One of the alleged victims, Nathan Thomas Reed, identifies as queer and another dresses in drag, the Guardian has previously reported. The latter of those men, named Jeffrey Damnit, captured a cellphone video of LaBeouf directing the homophobic insult “faggot” at him outside the bar. And Damnit had previously spoken openly about his hope that prosecutors would charge LaBeouf under a state law which allows for enhanced penalties against those who victimize others based on the “actual or perceived” basis of sex or gender, among other categories.
The Guardian has contacted Reed as well as attorneys for Damnit and LaBeouf for comment. The third alleged victim has said he is not commenting on the case.
An arraignment date for LaBeouf, at which he would enter a plea, was not immediately available.

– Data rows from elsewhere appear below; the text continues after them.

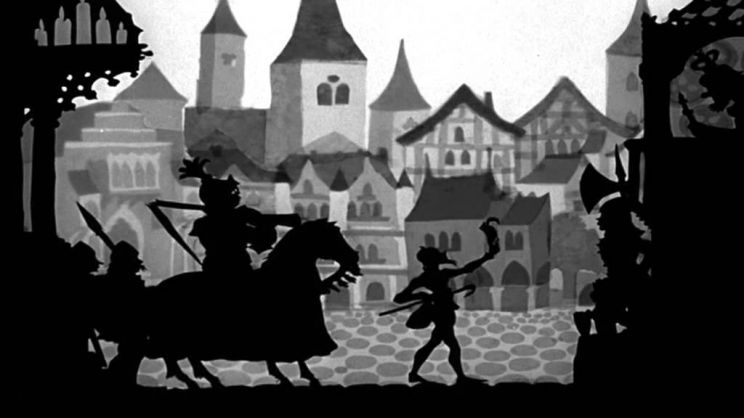 Lotte Reiniger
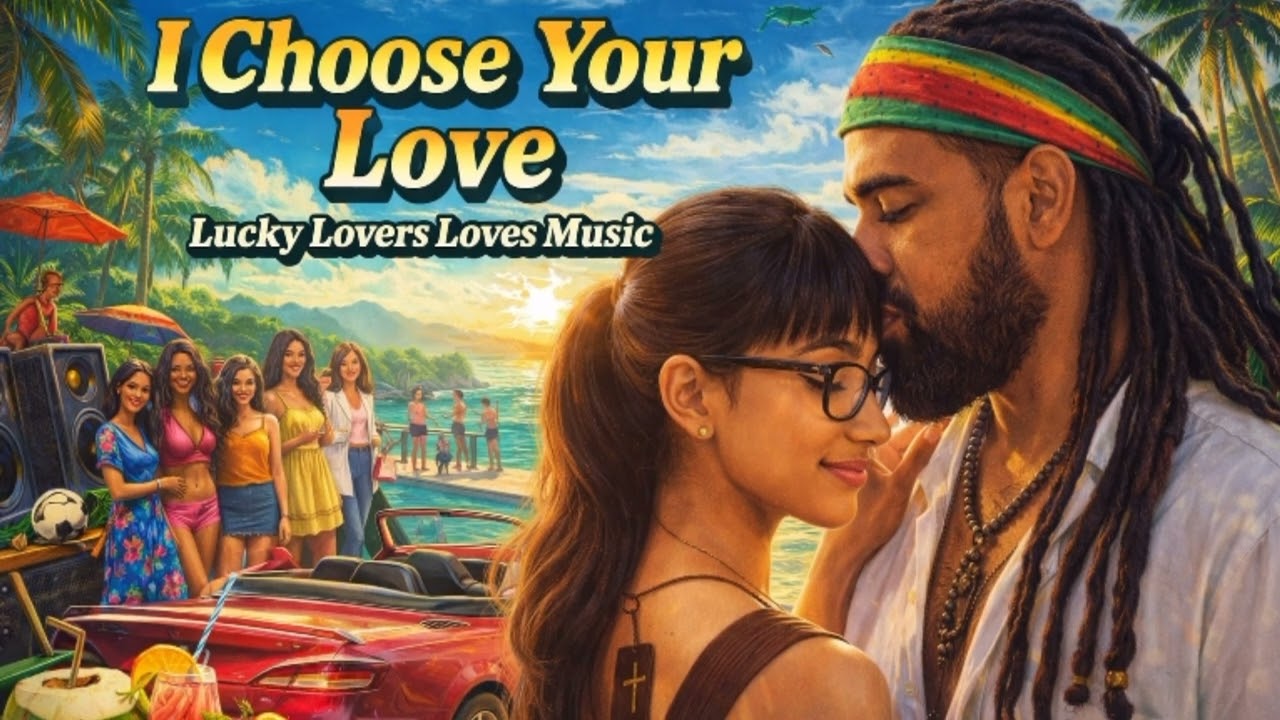 L3m - I Chose Your Love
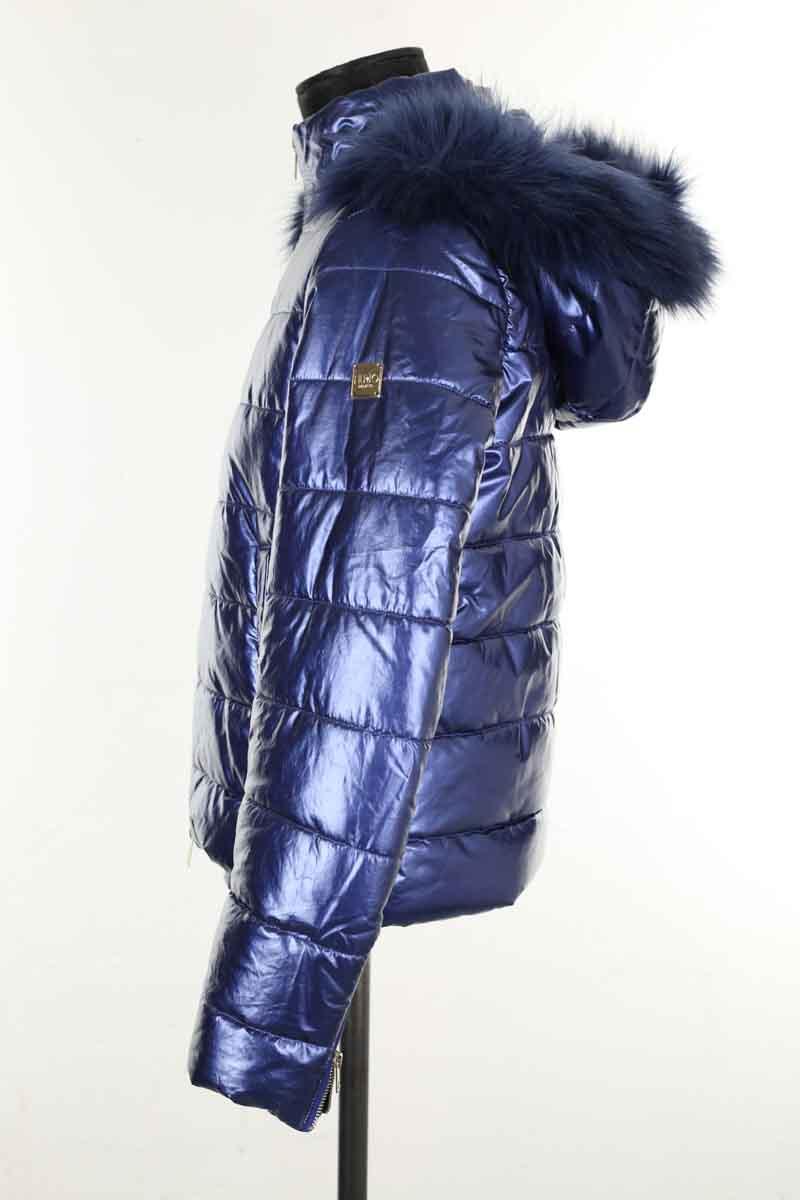 Doudounes Liu Jo  Bleu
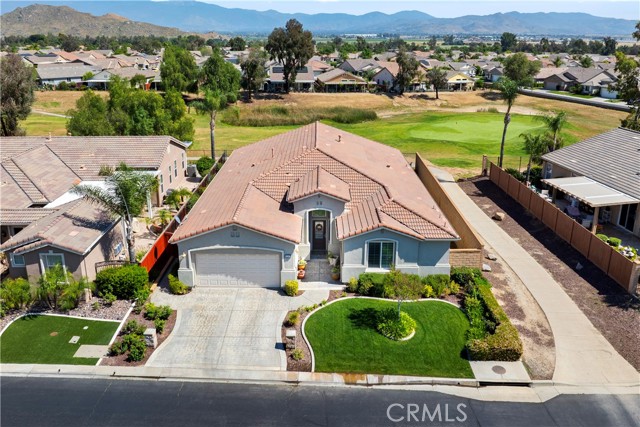 Detail Gallery Image 42 of 64 For 520 Olazabal, Hemet,  CA 92545 - 3 Beds | 3 Baths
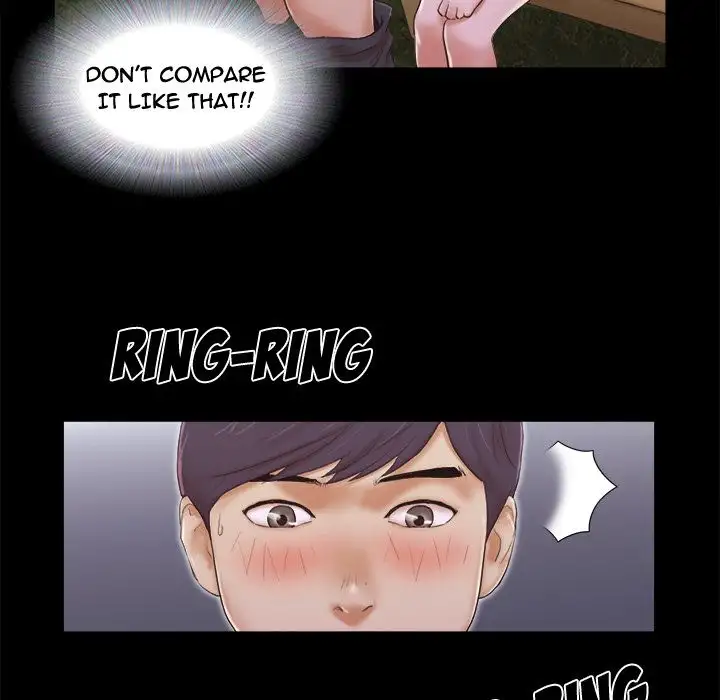 Inevitable Trap Chapter 4 - Manhwa18.com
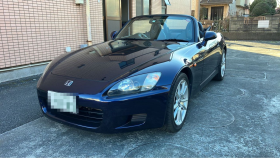 ホンダ/Ｓ２０００-220998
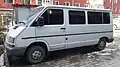 Sanjiang Renault Trafic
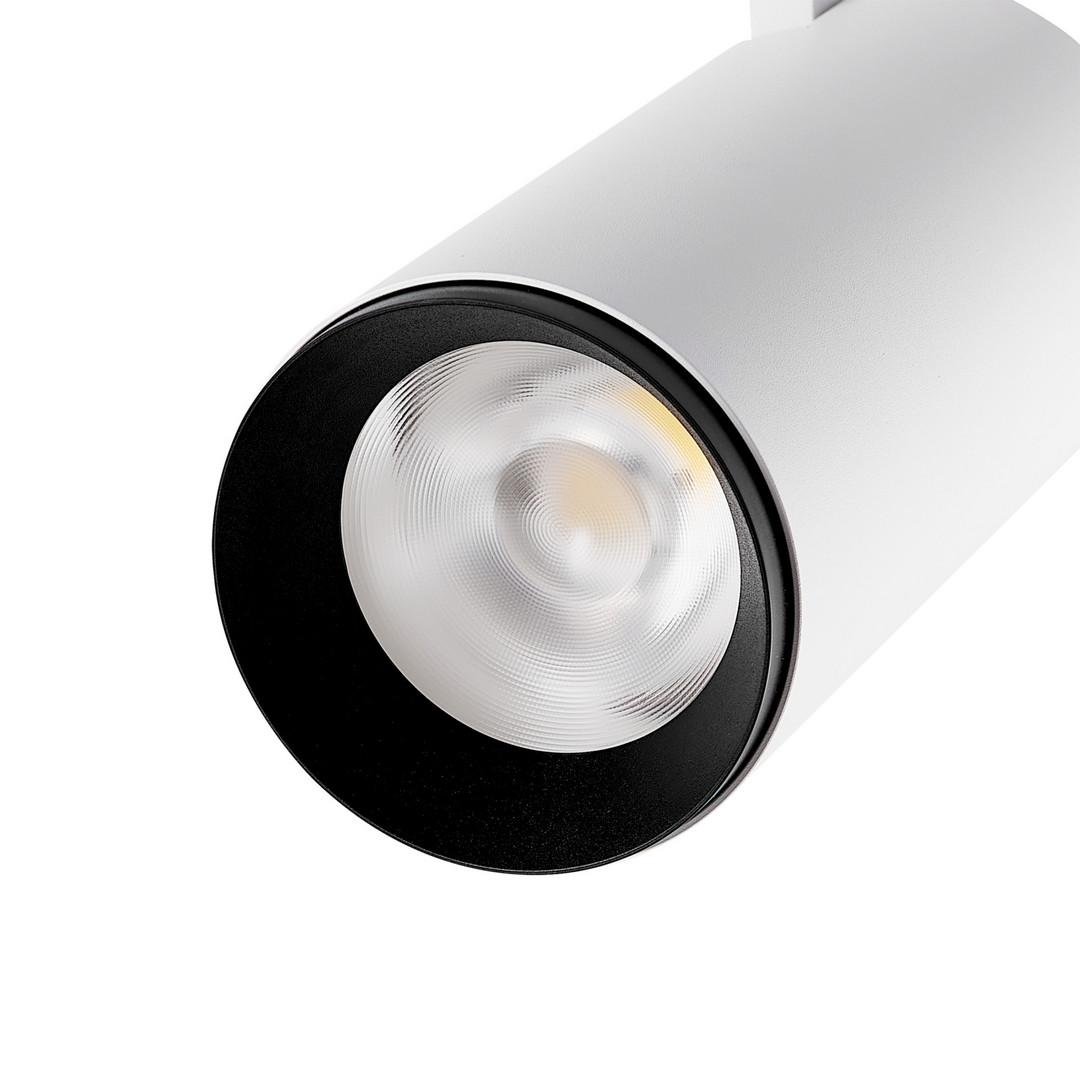 IMPR 707232 Deko-Light 3-fázové bodové svítidlo - Lucea 30 CCT Tilt, 33 W, DALI, 3000/4000 K, bílá (obrázek 7)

LaBeouf’s charges were contained in what is known as a bill of information filed by Williams on Thursday morning. The Guardian reviewed the document, which was filed hours before a court hearing set for people who have been arrested on allegations of a crime but not yet formally charged.
In an interview published 11 days after his arrest, LaBeouf told the YouTube outlet Channel 5 that “big gay people are scary” to him given his “traditional Catholic” faith.
He also alleged to Channel 5 that “three gay dudes [were] next to me, touching my leg”, before the violence preceding his arrest.
“I [got] scared,” LaBeouf added. “I’m sorry – if that’s homophobic, then I’m that.”
LaBeouf’s remarks were notable to some in New Orleans’s legal community in light of a state law which enables people to use a reasonable amount of violence to prevent certain offenses against them.
The charges pending against LaBeouf in New Orleans are not his first experience with the US’s criminal court system. While being arrested in 2014 over allegations that he disrupted a Broadway show in New York City, LaBeouf faced accusations of insulting a police officer with the homophobic slur “fag”.
He was separately recorded saying police were racist – and that a Black officer on the scene would go to hell – during a 2017 disorderly conduct arrest in Savannah, Georgia. That resulted in an earlier court-mandated stint in rehab.